Skipping all pictures, print exactly the lines below from the one with "Wax Lyrical Unscented" through the final line.

── DATA SUPPLIED ──

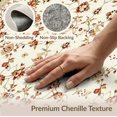 thumbnail image 6 of ODIKA 3'x5' Washable Area Rug Non-Slip, Flatweave, Easy Care Neutral Fall Vintage Trellis Delicate Border Scroll Cream Boho for Hallway, Laundry Room, 6 of 7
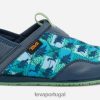 Teva bebê reember dinoster infantil HP48170 dinossauro azul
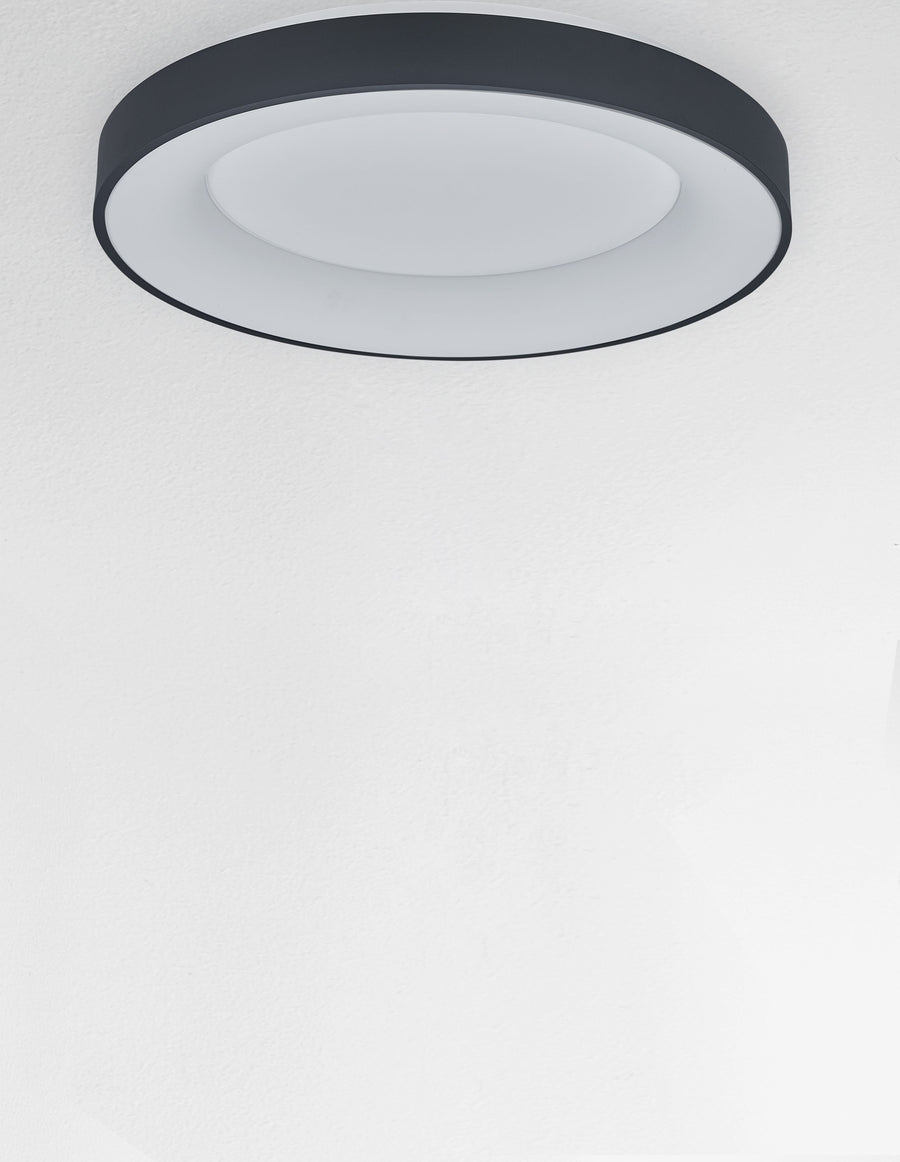 Plafonnier Rando Smart noir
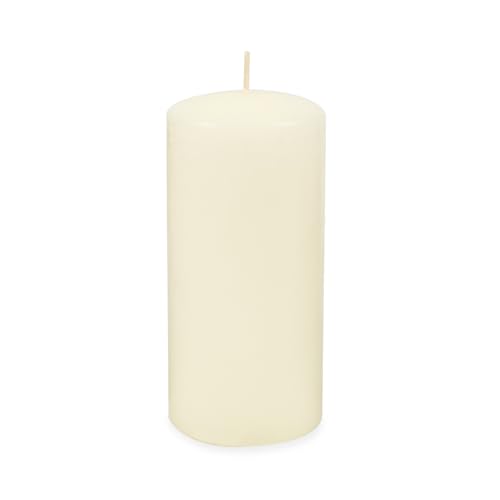 Wax Lyrical Unscented Pillar Candle - Ivory | 7x15cm | Hand Finished Wax 2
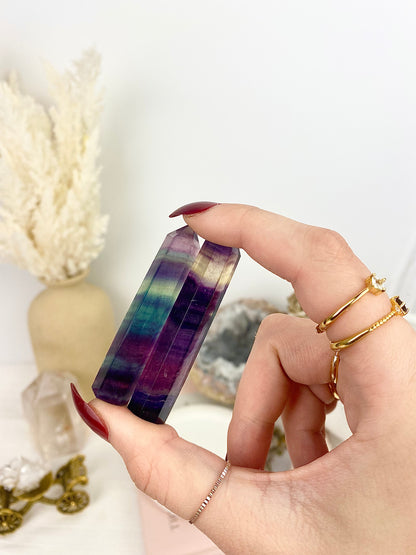 Rainbow Fluorite A-Grade Towers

───

COMPLETED EXERCISE:
 Wax Lyrical Unscented Pillar Candle - Ivory | 7x15cm | Hand Finished Wax 2
 Rainbow Fluorite A-Grade Towers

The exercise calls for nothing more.